The following is an exercise from the book: Reasoning about Knowledge by R.Fagin, J.Y. Halpern, Y. Moses, M.Y. Vardi.
I have been trying for some time to crack it but still unable to find a simple approach to solve it. Any suggestions are appereciated.
Consider a game which is played with a deck consisting of four aces and four eights. There are three players. Six cards are dealt out, two to each player. The remaining two cards are left face down. Without looking at the cards, each of the players raises them up to his or her forehead, so that the other two players can see them but he or she cannot. Then all of the players take turns trying to determine which cards they’re holding (they do not have to name the suits). If a player does not know which cards he or she is holding, the player must say so. Of course, it is common knowledge that none of you would ever lie, and that all players are perfect reasoners.
Show that there exists a situation where only one of the players will be able to determine what cards he or she holds, and the other two will never be able to determine what cards they hold, no matter how many rounds are played.

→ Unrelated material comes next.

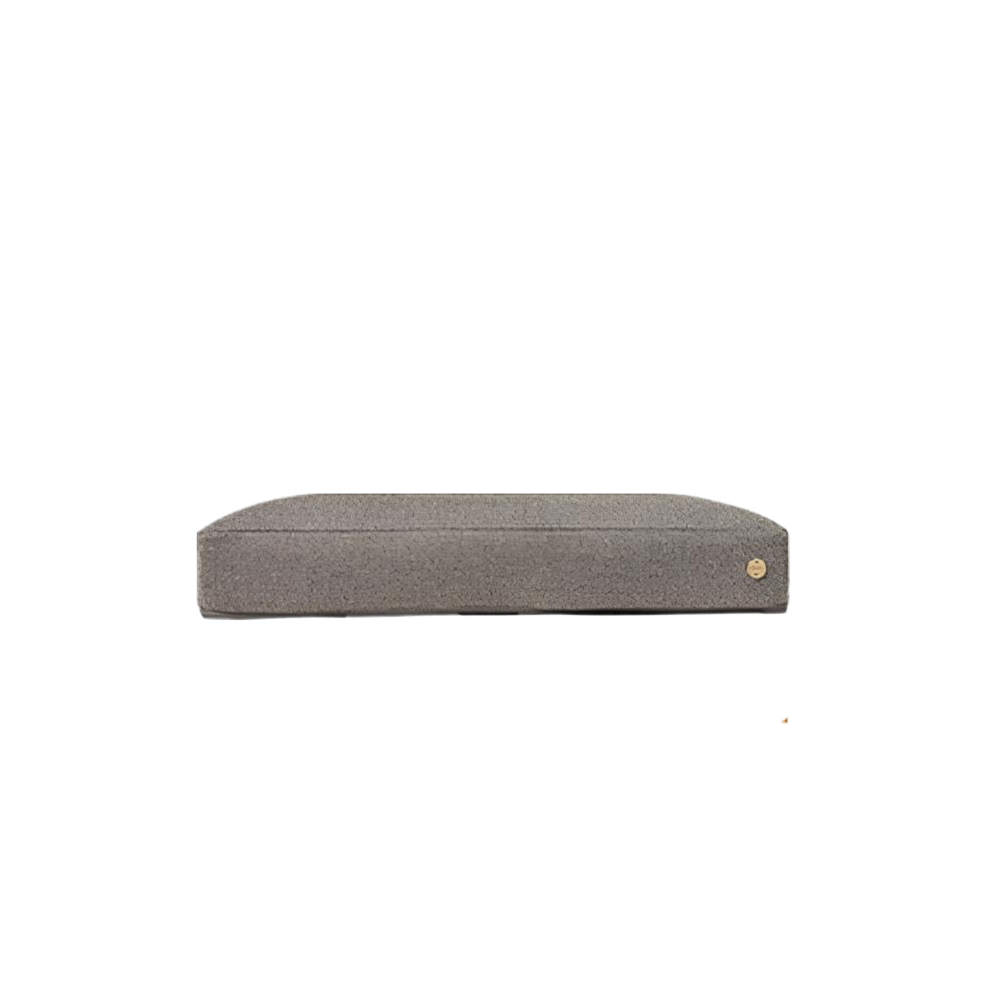 韓國 likalika 雙層結構睡墊式寵物床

It is relatively simple to see that at least one player will detarmine her/his own cards the as it seems key cases are:
$AA,88,A8$ - third player determines his/her cards since first and second players can nonot determine theyr cards $AA,88$ are impossible.
$A8,88,A8$ - first player determines his/her own cards on second move.
$A8,A8,A8$ - second player determines his/her cards on second move.
All other cases are reducible to the three to see that at least one will determine his/her cards at some move.
But I can not find the case when the remaining two can not determine their cards in any number of moves. I don't see a structure which gives this.
It seems that A8,88,A8$A8,88,A8$ and A8,AA,A8$A8,AA,A8$ are such situations that second and third player can not decide which cards they have, am I right?
Can players 1 and 2 distinguish $AA,88,A8$ from $AA, AA, 88$?